In this context of ambiguity, ESOPs are vulnerable to lawsuits because there are no clear rules for pricing such stock. This increases costs and risks and deters potential ESOP sponsors, according to the report.

Alex Brill, a senior research fellow at the American Enterprise Institute and the author of the report, says, “I think the regulatory uncertainty around ESOP valuation is a significant impediment for the industry, the most pressing concern right now.”

Michael Kreps, a principal in Groom Law Group, explains that public stock can easily be valued because it has a market price. Private equity does not have that benefit, but the appraisal industry has its own standardized methods for determining prices.

Kreps says the lack of effective rules from the DOL leaves industry actors asking, “Will the regulators accept their methodologies” of appraisal? The challenge for ESOPs, Kreps continues, is that they need to figure out “what the DOL can live with.”

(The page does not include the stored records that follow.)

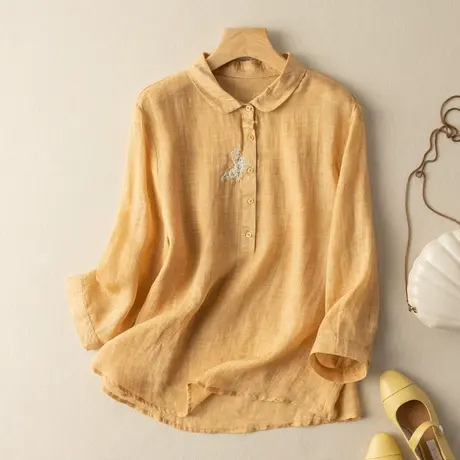 苎麻衬衫九分袖文艺复古宽松棉麻上衣女纯色刺绣衬衣2022春夏新款图片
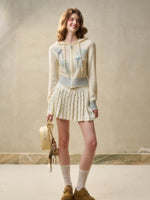 Mohair and Satin Cardigan & Skirt Set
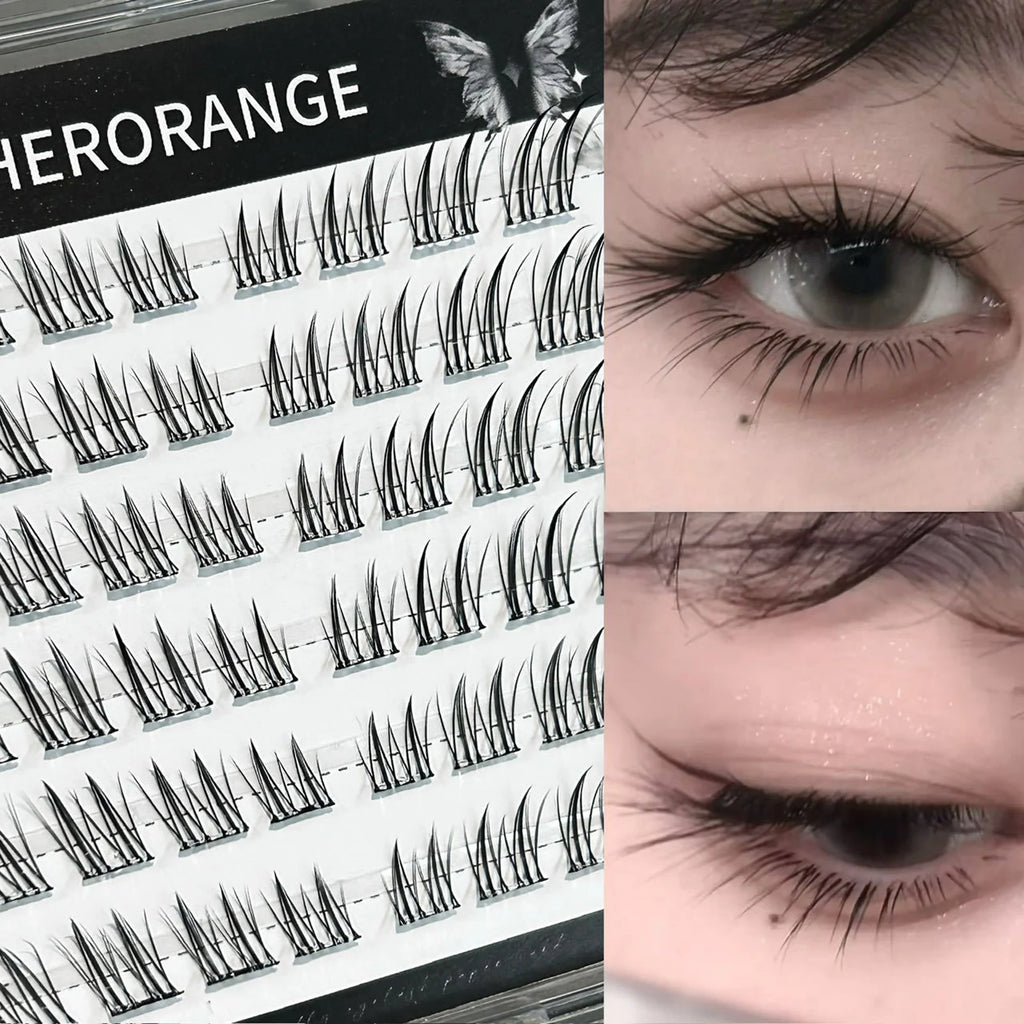 No Glue False Eyelashes Sexy Fox- eye's Natural long individual Clusters cat Fluffy Cluster Eyelash Charming makeup accessories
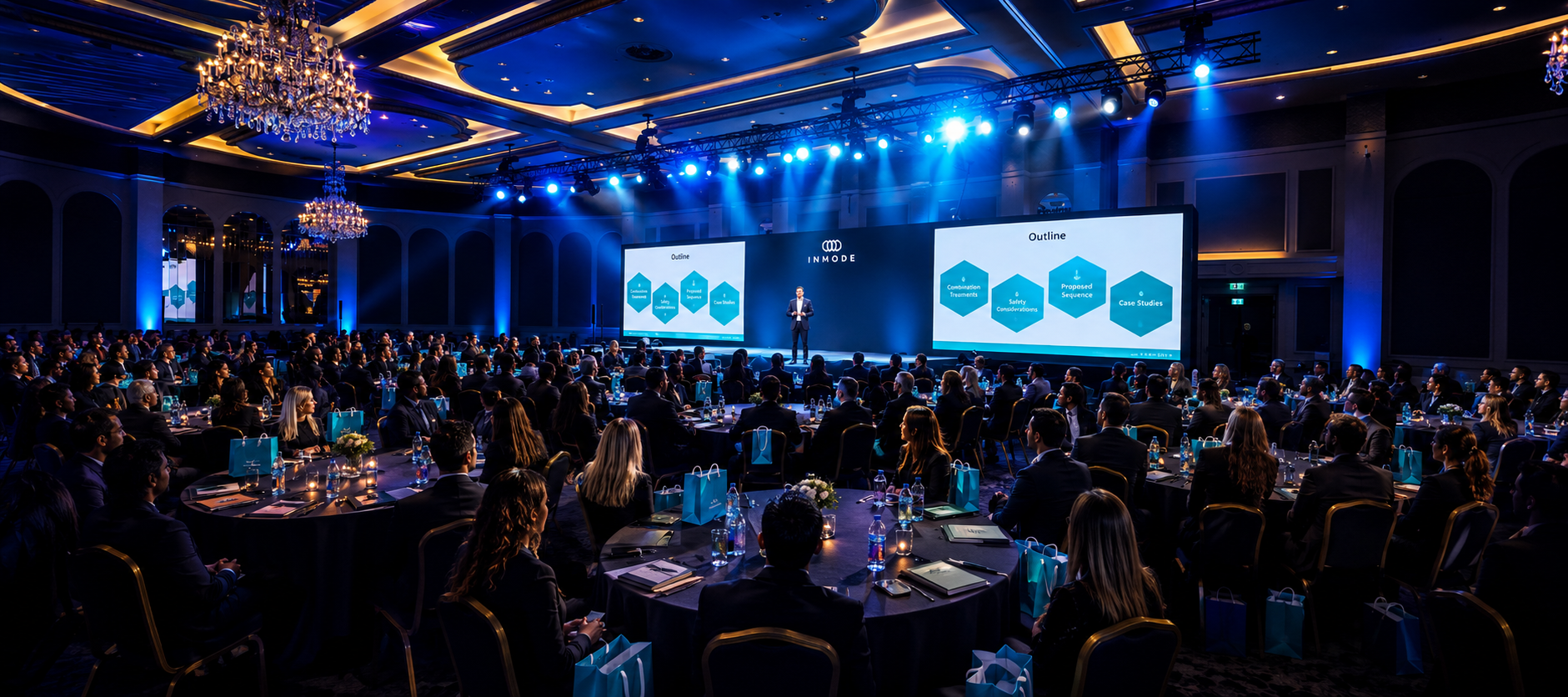 InMode summit stage with speaker and audience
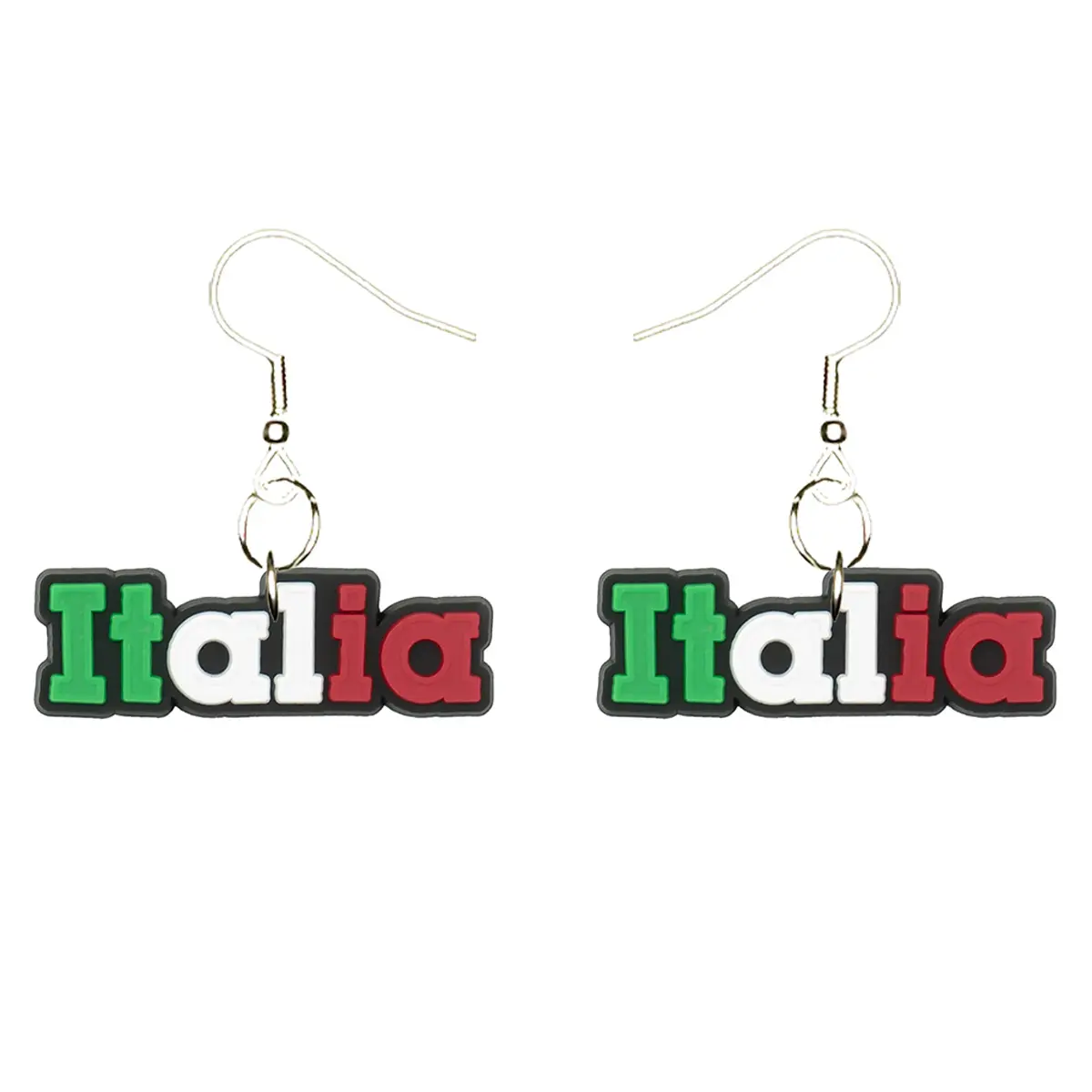 Italy Italian Flag Earrings Hypoallergenic Silver Plated Fishhooks Yazzle Dazzle Rome Euro Italiana Europe Mediterrianean Italia Naples Venice Milan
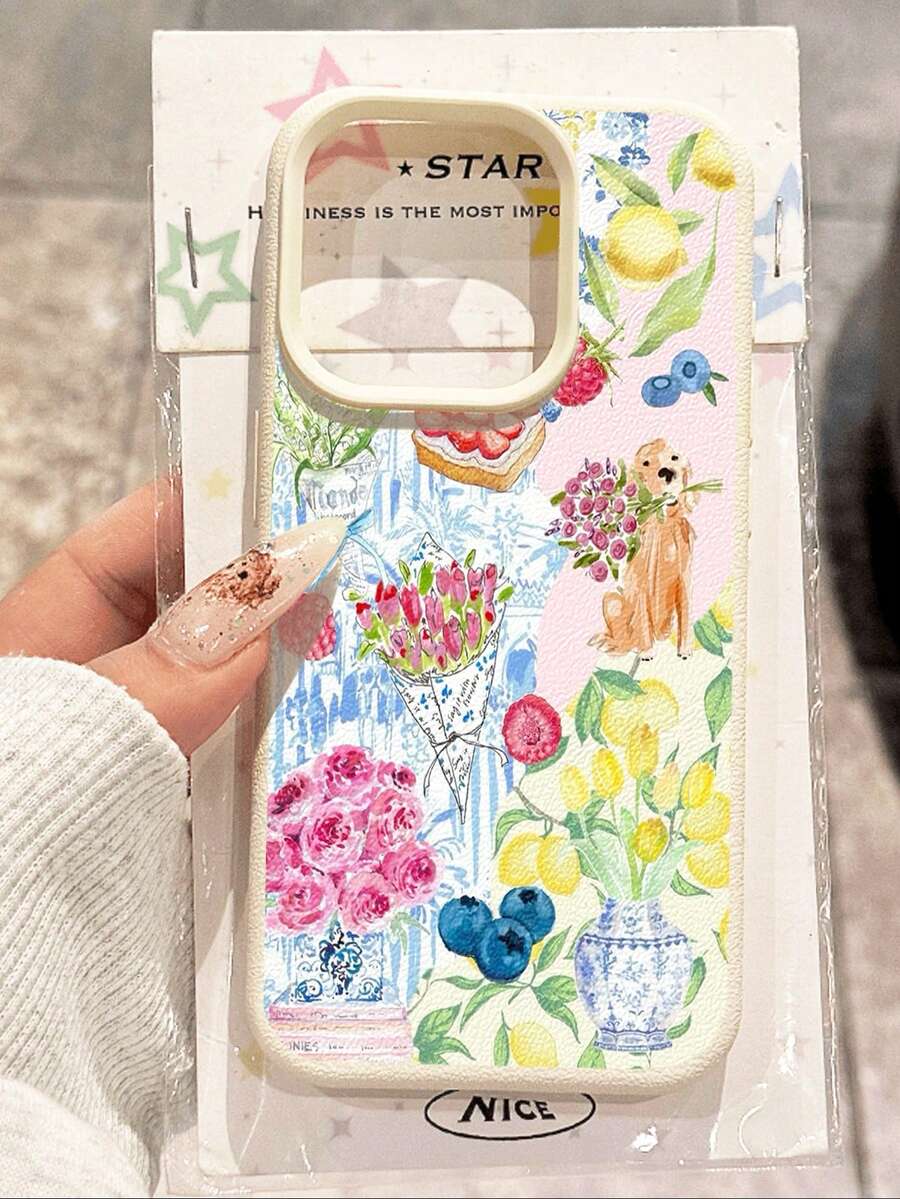 1 Pc Watercolor Floral Puppy Pattern Textured Anti-Fall Anti-Slip Soft Phone Case Cover, Compatible With Apple And Phones - Multicolor - View 1
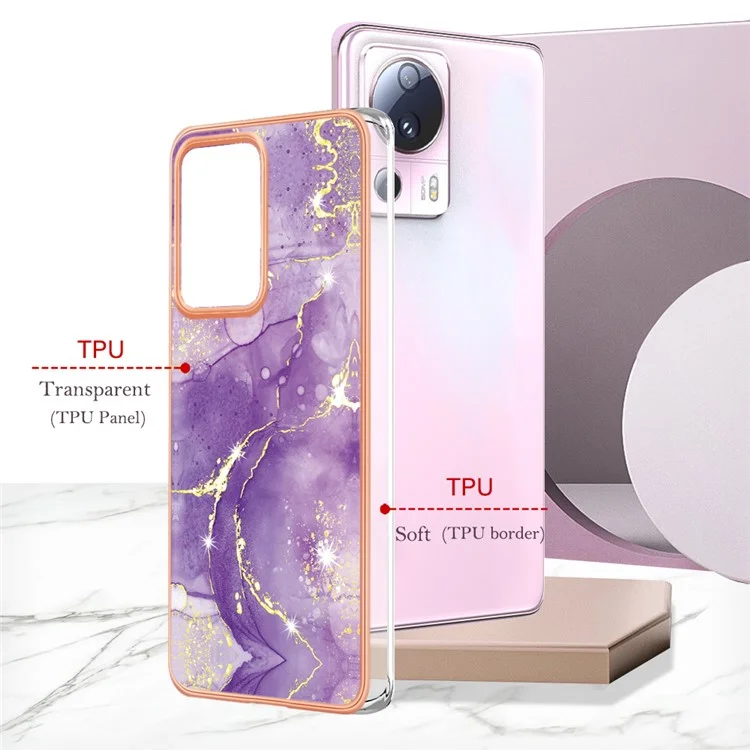 Для Xiaomi 13 Lite / Civi 2 5G YB IMD Series-2 Чехол для телефона с мраморным рисунком, электроплатированный IMD Soft TPU-чехол - фиолетовый 002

According to Kreps, the DOL proposed a valuation rule in 1998, but that process was abandoned. In the meantime, DOL has “preferred not to tell us” what methods should be used and instead has relied on an approach of “we know when we see it, and when we don’t like it, we will deal with it through litigation.” This approach has a “destabilizing” influence on ESOP sponsors, Kreps says.

He says a new rule from the DOL “needs to focus on substance. We need to move past procedure.” Kreps wants the DOL to describe how to value different interests, some of which can be difficult to appraise, such as “control and appreciation rights,” as well regulatory risks.

The SECURE 2.0 Act of 2022 requires the DOL to create regulations for ESOP valuation, but no deadline was set. Brill said he hopes for a proposal in early 2024, and Kreps adds employee ownership has been a high priority for the administration of President Joe Biden, but he is unsure of when to expect a proposal.